Nathalí Macedo
Na Copa do Mundo de 2014 – a essa altura, muito racismo já havia sido destilado pelas torcidas ao redor do mundo – a FIFA escreveu um simpático texto antirracista a ser lido antes dos jogos:
“Rejeitamos qualquer tipo de discriminação de raça, orientação sexual, origem ou religião. Por meio do poder do futebol, podemos ajudar e livrar o nosso esporte e a nossa sociedade do racismo. Assumimos o compromisso de perseguir esse objetivo e contamos com você para nos ajudar nesta luta”.
Isso me lembra estranhamente – ou não – da Rede Globo, que faz seu discurso antirracista de maneira irretocável, mas permite que Patícia Poeta interrompa Manoel Soares – colega de palco negro -, inclusive quando o assunto é racismo.
Na verdade, sei de onde tirei essa associação: ambos lançam mão da mesma hipocrisia.
Eis que o jogador de futebol Vinicius Junior, destaque no Real Madrid, tem aproveitado muito bem a oportunidade de desmascarar essa hipocrisia e escancarar – ainda mais – o racismo no meio futebolístico.

“A cada rodada fora de casa uma surpresa desagradável. E foram muitas nessa temporada. Desejos de morte, boneco enforcado, muitos gritos criminosos… Tudo registrado. Mas o discurso sempre cai em ‘casos isolados’, ‘um torcedor’. Não são casos isolados. São episódios contínuos espalhados por várias cidades da Espanha e até em um programa de televisão (…) As provas estão aí no vídeo. Agora, pergunto: quantos desses racistas tiveram nomes e fotos expostos em sites? Eu respondo para facilitar: zero. Nenhum pra contar uma história triste ou pedir aquelas falsas desculpas públicas”, desabafou.

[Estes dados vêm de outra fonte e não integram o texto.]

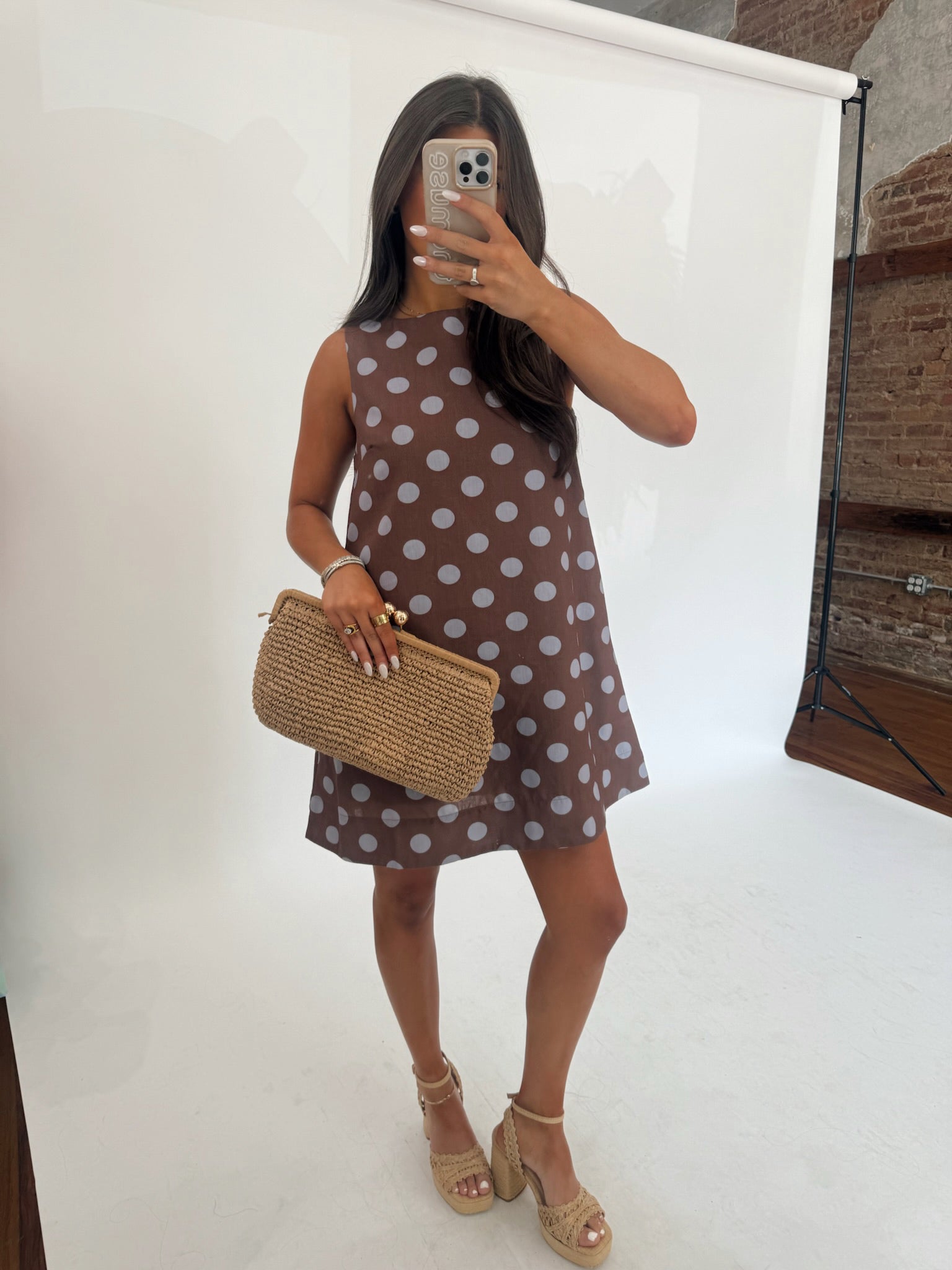 Mocha Sky Mini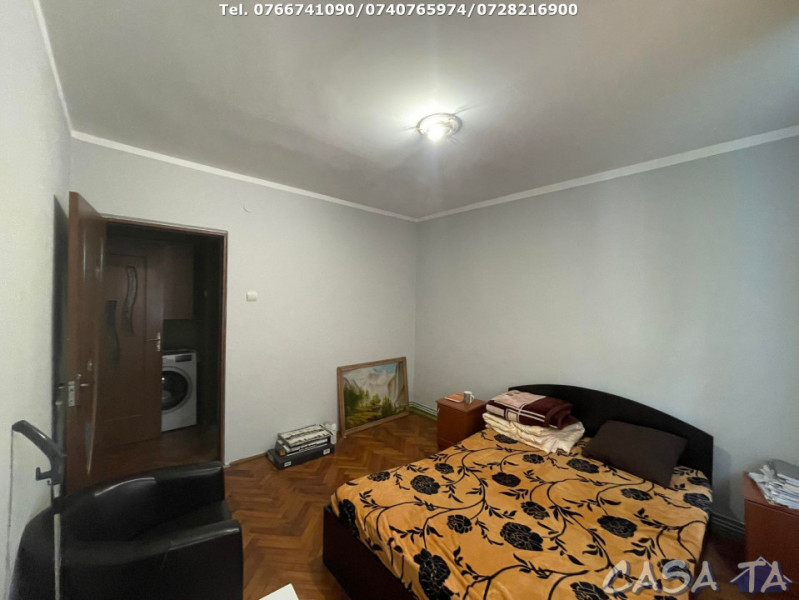 Apartament 2 Camere, Parter, Strada G-ral Christian Tell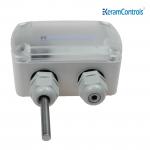 -40~+70℃ Temperature Sensor For Heating And HVAC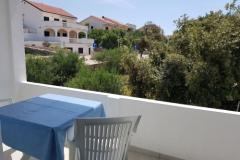 Apartmanok Milena i Robert Apartman 2 – A2+2 foto 3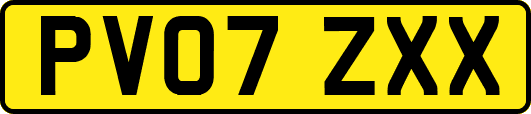 PV07ZXX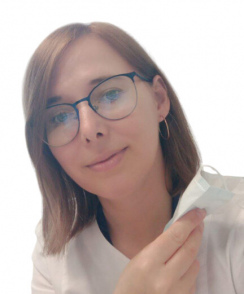 Михянова Татьяна Александровна гинеколог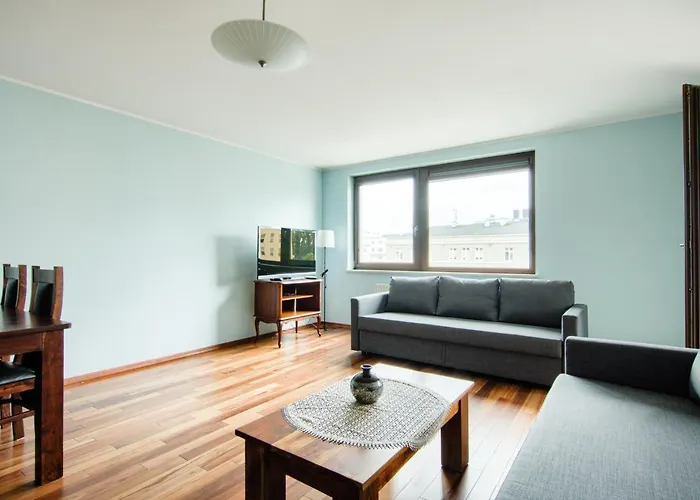 Sea You Apartments - Transatlantyk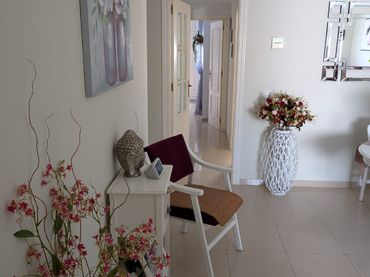 Maisonette mit Aufzug zum Verkauf in Centro - Doña Mercedes
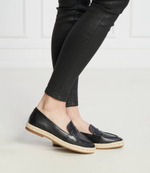 Кожаные эспадрильи lennon Michael Kors - черный(40R4LNFP1L)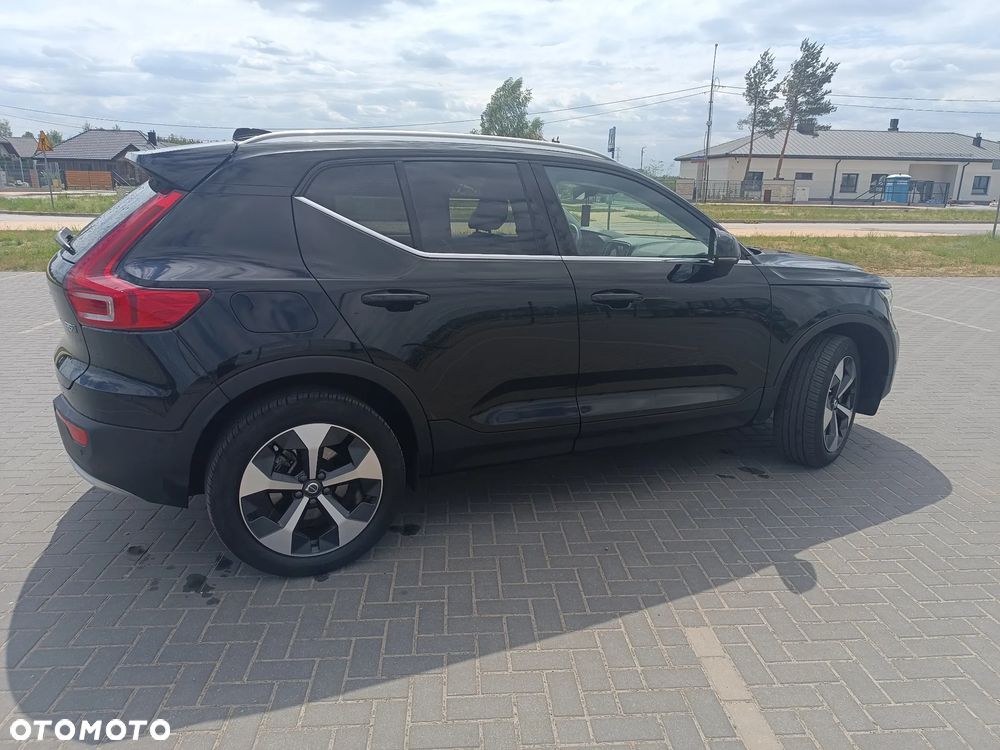 Volvo XC 40 - 3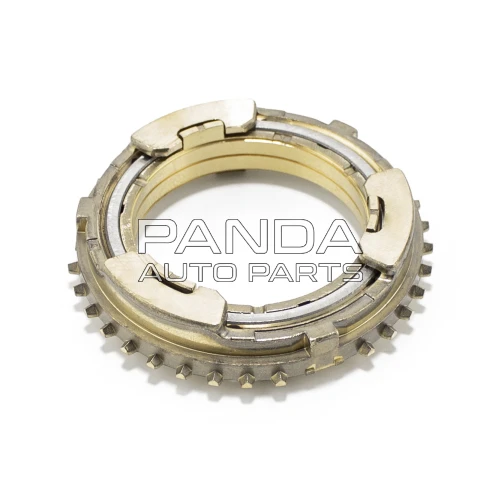 Кольцо синхронизатора 2 передачи 3170112903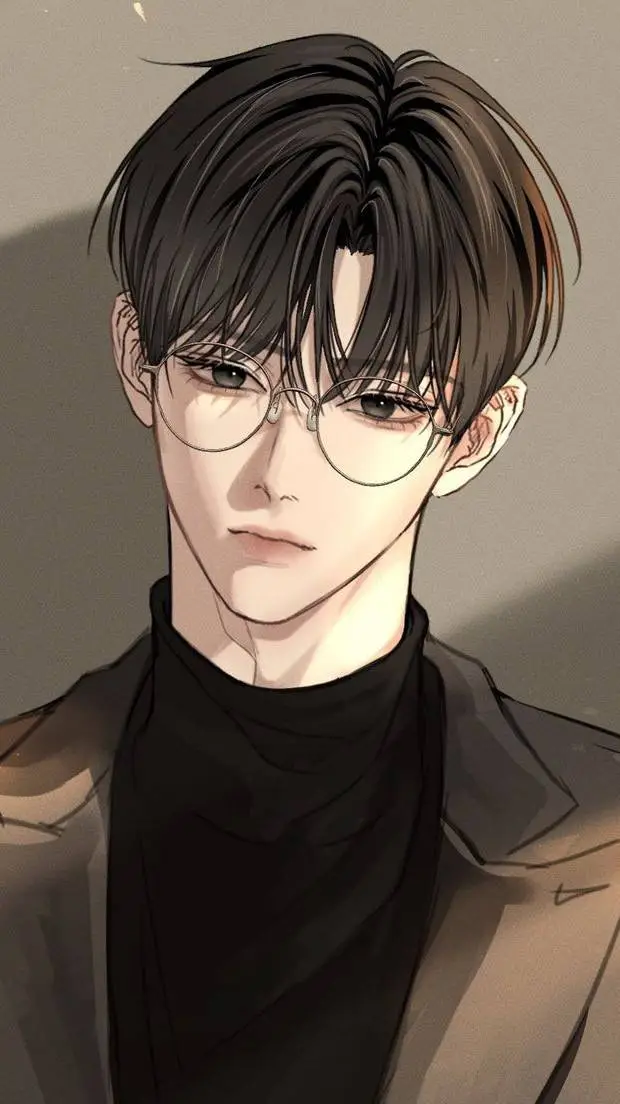 ai character: Jackson  background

Embora o processo de educação – sobretudo de preconceitos arraigados, como o racismo – é lenta e difícil. Mas o que Vini Júnior vem fazendo nos últimos dias é épico: denunciar o racismo em um país racista, sobretudo um país que não é o seu, é um ato de grande coragem.
Até agora, sete torcedores foram presos e o país debate o racismo como nunca antes. Quem, na história do futebol, conseguiu essa façanha?
“Está claro que é mais fácil falar do que fazer, mas temos que fazer e apoiar um processo de educação”, afirmou o presidente da Fifa, Gianni Infantino, com toda razão.
O que Vini iniciou talvez seja – e muito provavelmente é – um pontapé importantíssimo para o debate sobre racismo no mundo. Uma inspiração para que outros jogadores negros quebrem o silêncio e lutem por mais respeito e dignidade e um choque de realidade em um país como a Espanha.
Quantos jogadores negros já sofreram injúrias raciais em campo? E quantos deles fizeram o que Vini Jr fez?
Ver as coisas sob essa perspectiva – embora necessário – acaba por colocar nas vítimas a responsabilidade de combater o racismo que sofrem. Vini Júnior não deveria precisar lutar pra não sofrer episódios de injúria racial. Esse movimento – que aparentemente tende a crescer – é importantíssimo, mas não é uma responsabilidade das vítimas, e sim dos clubes e da própria FIFA – de preferência fazendo mais do que um texto antirracista.
Esta tem sido, entretanto, considerada a maior batalha do futebol nos últimos tempos. Já que as coisas não mudam de cima pra baixo – que mais jogadores assumam a coragem de Vini Jr, até que o repúdio ao racismo saia do papel.